Acts 19:38 - Ellicott's Commentary On The Whole Bible

Bible Comments

The law is open. — Literally, the court, or forum, days are going on. The words may either indicate that the proconsul was then actually sitting to hold trials in the agora or forum, or may be taken as a colloquial idiom for “there are court days coming.”

There are deputies. — The Greek word is (as in Acts 13:7; Acts 18:12) the equivalent for proconsul. Strictly speaking, there was only one proconsul in each province, and we must therefore assume either that here also the expression is colloquial, or that the assessors (consiliarii) of the proconsul were popularly so described, or that some peculiar combination of circumstances had led to there being two persons at this time at Ephesus clothed with proconsular authority. There are some grounds for adopting the last alternative. Junius Silanus, who was Proconsul of Asia when St.
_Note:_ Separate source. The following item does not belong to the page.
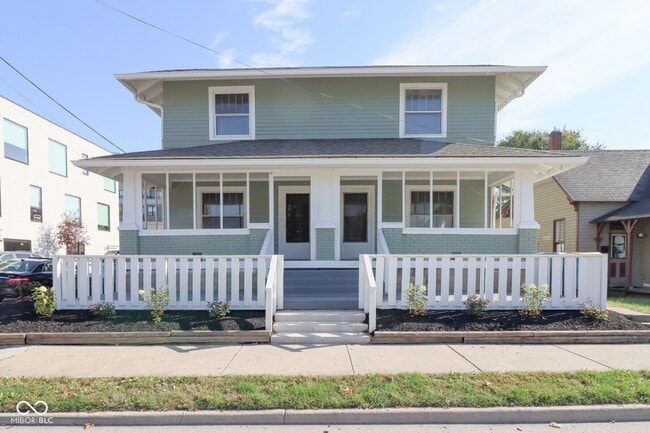 6363 Guilford Ave in Indianapolis, IN - Building Photo - Building Photo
Paul arrived in Ephesus (A.D. 54), had been poisoned by Celer and Helius, the two procurators, at the instigation of Agrippina; and it seems probable that they for a time held a joint proconsular authority.

Let them implead one another. — The English word exactly expresses the technical force of the Greek. Demetrius and his followers were to lodge a formal statement of the charge they brought against the accused. They in their turn were to put in a rejoinder, and so joining issue, each side would produce its witnesses.

Acts 19:38

38 Wherefore if Demetrius, and the craftsmen which are with him, have a matter against any man, the lawc is open, and there are deputies: let them implead one another.